While I want to tell a story audiences of all faiths and beliefs can enjoy, at the same time, I feel compelled that my world be infused with a Christian worldview, that my story bring glory to God.
I feel like I’m walking this line between having a story that is infused with my faith, but not shoving it in people’s faces, and not trying to be deceptive either. I don’t want to trick people into reading my book, or into accepting a Christian perspective. What I do want is to tell a good story, and leave readers with something to feel and questions to ponder.
So, with Seregn, I felt that it was less about trying to present an overt Christian message, and more about trying to present a world that is inherently infused with that faith, but not make it the focus or the key point of the story.
As Seregn evolved and as I edited the draft, I—almost unintentionally—added one or two more obvious Christian ideas. These changes came about largely from a story perspective as I improved the manuscript, but also as a result of my own pondering on the novel. Overall I think it works well, because those moments of more inherent Christian concepts are just one part of a much bigger story, which is focussed more on the character’s struggles.

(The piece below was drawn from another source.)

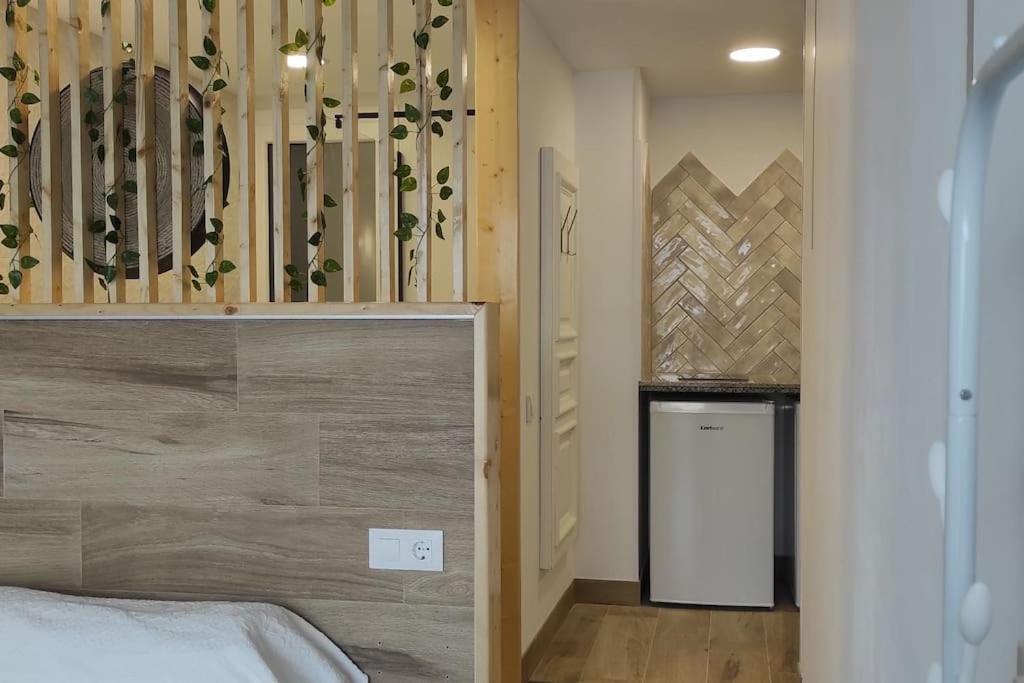 Estudio Con Balcon A 9Min. Del Centro En Metro Seville Luaran gambar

And this, I think, is where people really connect, because the story isn’t about becoming a Christian (or the fantasy equivalent in their world). The story is about sacrifice. It’s about what it is to love another person. It questions how far you would—or should—go to sacrifice for another, and what happens when you do? It brings up whether there’s a point where sacrifice becomes too much, or not worth it. Or, are there times when you shouldn’t be the hero, because of other considerations? What is it to go against something that you know to be true, and then face the consequences of that? When do people struggling with each other over different concepts of what it is to be good, actually discover one (or more) of them have actually fallen into evil?

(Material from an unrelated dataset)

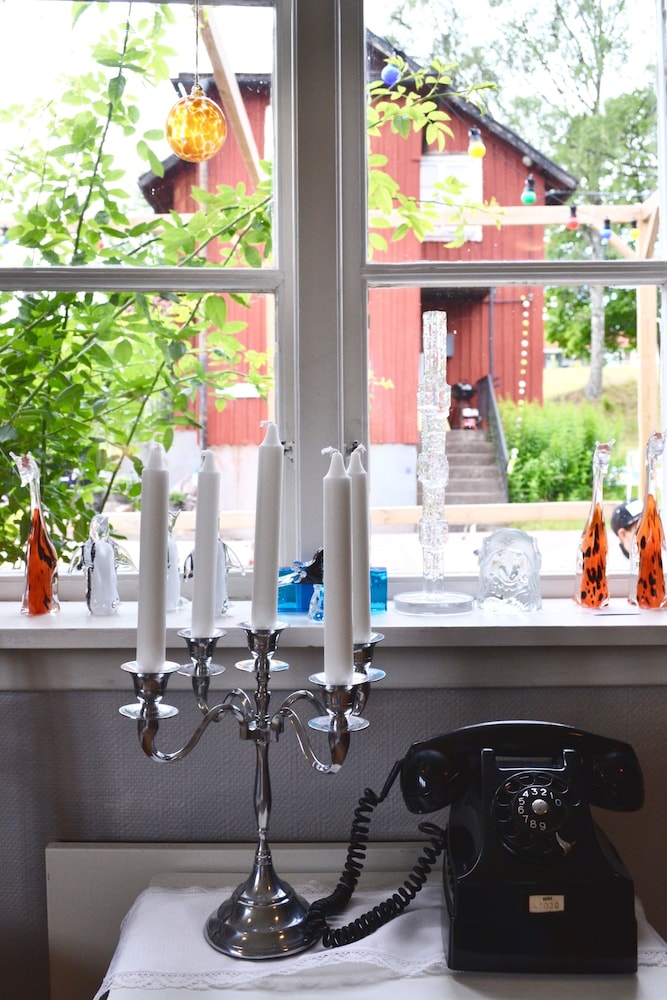 Cafe Sergel Bed & Breakfast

These are all questions that come up in Seregn, and they’re not answered easily. Characters live them out, and we see the consequences of various choices they make.

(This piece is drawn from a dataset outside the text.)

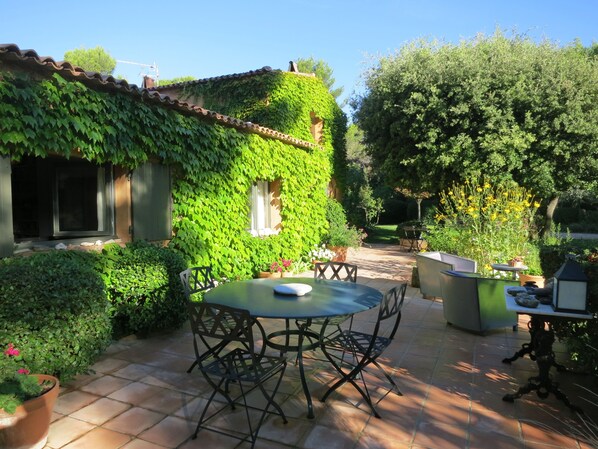 Maison vue de la terrasse. Exposée plein Est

So I think the biggest thing with Seregn for me was crafting a story that Christians could still find accessible, still find enjoyable, still find in some way to be true and faithful, but also not make it so clean and whitewashed and pristine that they very people I was trying to reach with these kind of questions would be turned off by it.
Essentially, I just want to ensure the story I’m trying to tell is the kind of story that people want to hear—especially those who may not come from the same faith as I do.
And as a side note, that also means that the characters aren’t perfect.
Of course, I don’t put excessive, gratuitous swearing, or sex, or violence in my stories just to get secular attention. But yes, Seregn has some deeply violent moments. Why? Because the world is a violent place. Because the characters are pushed to breaking point. There also isn’t outright, overt, strong swearing in Seregn, but there are a couple of times where the main character uses what could be considered a swear word, something like ‘damn’, ‘damn it’, or ‘bloody hell’.
Why? Because my main character is never presented as a Christian. She’s not a foul-mouth, but she’s not perfect either. The man of faith in the novel doesn’t say such things of course, but I don’t comment on that, it’s never brought up. It’s just part of the way he talks, or rather, doesn’t talk. It’s subtle, because that’s all that is required.
And even though he has clean speech, he’s not perfect either. In fact, he makes some pretty gargantuan mistakes.
We aren’t perfect, none of us, and it’s important we remember that in our fiction too.
So these are my thoughts, swirling as Seregn’s publication steps closer and closer. Having professional editors read and enjoy my work is massively helpful, including the structural editor advising that, in his professional opinion, the story can absolutely be marketed to more than just the Christians, as there’s only a small amount of Christian-related content. That in itself gives me hope that I’ve struck a good midpoint.
This is a long post, so I’ll cap it here. I’m sure as I think about this more, more ideas will surface. For now, let me know – how do you consider faith/belief systems and your fiction?